**YOUR TASK**
Of the lines listed below, return exactly those that run from the line containing "Hyundai Genesis из Кореи Encar" through the line containing "Prácticas de buceo", both included.

**DATA SHOWN**
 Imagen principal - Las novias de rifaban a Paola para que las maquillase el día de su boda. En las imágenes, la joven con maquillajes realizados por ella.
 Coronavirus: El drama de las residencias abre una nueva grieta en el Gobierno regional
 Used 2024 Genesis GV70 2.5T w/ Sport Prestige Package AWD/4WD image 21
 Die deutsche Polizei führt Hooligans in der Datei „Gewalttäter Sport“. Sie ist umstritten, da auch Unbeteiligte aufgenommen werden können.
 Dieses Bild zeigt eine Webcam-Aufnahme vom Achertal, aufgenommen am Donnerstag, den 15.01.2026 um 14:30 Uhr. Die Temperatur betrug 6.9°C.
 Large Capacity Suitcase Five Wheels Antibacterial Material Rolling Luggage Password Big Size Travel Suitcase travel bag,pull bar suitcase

---

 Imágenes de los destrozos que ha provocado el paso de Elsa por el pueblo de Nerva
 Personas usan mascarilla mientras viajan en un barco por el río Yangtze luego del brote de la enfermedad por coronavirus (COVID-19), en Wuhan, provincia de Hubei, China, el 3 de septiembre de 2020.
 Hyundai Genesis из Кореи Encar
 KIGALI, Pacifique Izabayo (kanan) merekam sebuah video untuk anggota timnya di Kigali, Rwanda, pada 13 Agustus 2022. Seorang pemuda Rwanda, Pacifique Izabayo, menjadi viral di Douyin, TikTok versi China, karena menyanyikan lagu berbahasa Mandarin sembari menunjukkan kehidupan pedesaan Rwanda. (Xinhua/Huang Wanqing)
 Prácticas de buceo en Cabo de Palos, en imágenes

**ANSWER SECTION**
 Hyundai Genesis из Кореи Encar
 KIGALI, Pacifique Izabayo (kanan) merekam sebuah video untuk anggota timnya di Kigali, Rwanda, pada 13 Agustus 2022. Seorang pemuda Rwanda, Pacifique Izabayo, menjadi viral di Douyin, TikTok versi China, karena menyanyikan lagu berbahasa Mandarin sembari menunjukkan kehidupan pedesaan Rwanda. (Xinhua/Huang Wanqing)
 Prácticas de buceo en Cabo de Palos, en imágenes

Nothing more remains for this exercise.